Wednesday, March 4, 2020

Language and Religion

I am in the process of reading a short book (long article?) by an archaeologist, David Petts, Pagan and Christian:  Religious Change in Early Medieval Europe.

He raises the idea that liturgical language needs to be viewed differently than has been the usual way it is interpreted. For example, the use of Latin by the Church in western Europe up to the Reformation, despite most people, including priests, not understanding the language. I recall reading somewhere a few years back that the last place where Latin was a commonly used language was in a part of northern Italy in the 9th century. I would assume this was not the classical Latin I was taught in High School or university (most of which I have forgotten). Probably it was a vulgar Latin where much of the complex grammar of Cicero was flattened out and made more easily used in conversation. The last evidence of even this form of Latin dates from the 9th century.
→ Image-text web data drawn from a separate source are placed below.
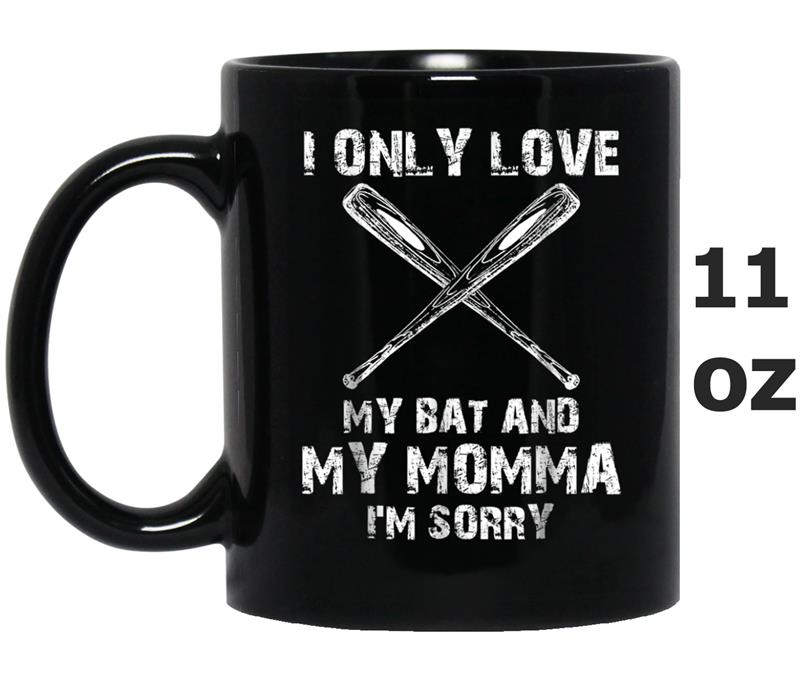 I ONLY LOVE MY BAT AND MY MOMMA I'M SORRY BASEBALL Mug OZ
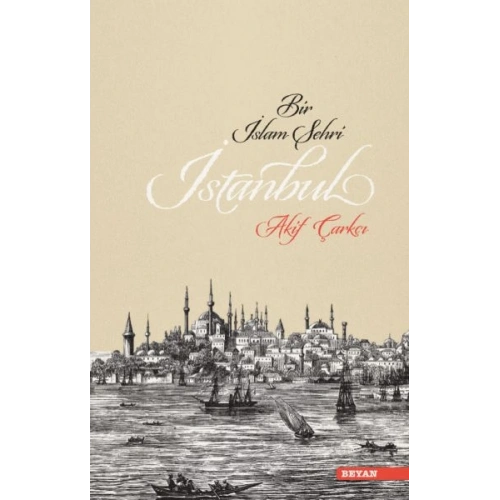 Bir İslam Şehri İstanbul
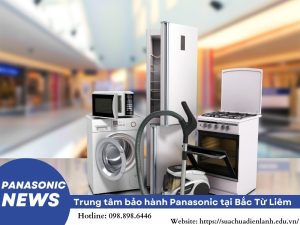 Trung tâm bảo hành Panasonic tại Bắc Từ Liêm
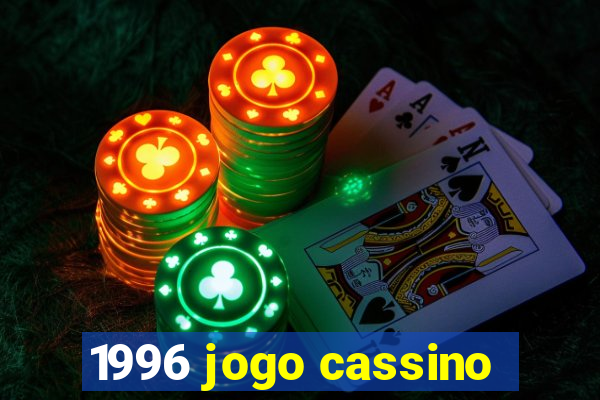 1996 jogo cassino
David Petts's thesis is that holy or sacred languages such as Latin in the medieval church did not have the purpose of communication in the sense we use language today. This Latin was not used to communicate facts or ideas. Rather this Latin communicated the sense that listeners were now in the presence of the divine rather than the ordinary or secular world.  In one of the courses I teach, I have students read a description of the emotional impact of the Mass on late medieval hearers. Students almost universally are surprised that people attending could not understand the language, yet still seemed eager and even passionate about attending. The thesis that David Petts advances explains this passion for hearing an incomprehensible language. The language is not incomprehensible, but communicates on a deeper and emotional and spiritual level.